We'd asked you, dear readers to tell us how you are saving the sparrows.
On World Sparrow Day, celebrated on March 20, presenting some of the best responses we received.
Rudresh Bhagat, 47 from Charkop sent us this picture of our chirpy friends enjoying a sip from a bird bowl outside his kitchen window.
According to Raja Vikrant Sharma, 23, from Panchkula, Haryana, who sent us this picture, the sparrows in the cities are disappearing due to "loss of habitat (nests), insects, mobile radiation, and modern agriculture practices."
"But there is a hope. We can bring them back home," he says.
Sharma runs a social awareness campaign for the conservation of the sparrow in tricity (Chandigarh-Mohali-Panchkula) in collaboration with the Hind Education Society by providing the wooden sparrow houses to people at an affordable cost.
Pune's Prasad Sakharekar clicked this sparrow perched on a feeder outside his home.
Here's another photograph of the birds enjoying their mini meal sent by Prasad Sakharekar.
Australia based Harichandana Rao told us how much she and her husband misses these house sparrows.
Rao shared this photograph clicked by her husband Balaji during their trip to New Zealand.

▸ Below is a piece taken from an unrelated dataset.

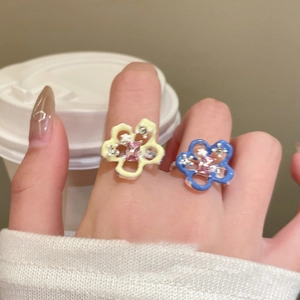 Detail of vibrant enamel flower rings with pink gemstones worn on a hand holding a cup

"He is basically a researcher in environmental science. He also worked in Salim Ali Centre for Ornithology and Natural History. We both love sparrows and miss them a lot seeing at our homes now a days. We would both like to do what ever possible to save these little ones from getting endangered," Rao wrote in her message.
Sanjiban Ghosh, 50 from Kolkata got nostalgic while talking about sparrows.
"I used to wake up with the loud chirping of the sparrows in our balcony and the window sills. My mother used to give them bread crumbs and biscuit pieces. It was a fun to watch them fight over these. Once we found two nests at the corner of our balcony ceilings and later the presence of the baby sparrows. Many of my afternoons were spent watching the mother feeding her babies," Ghosh wrote.
"This particular image of sparrow was shot at my residence where we can now find a few sparrows. My children have taken up the responsibility to take care of them and I am happy to note that a bonding has grown between them and the sparrows are never frightened of them," he added.
And finally, we have this picture sent by Palanki Suryanarayana, 75 from Bangalore.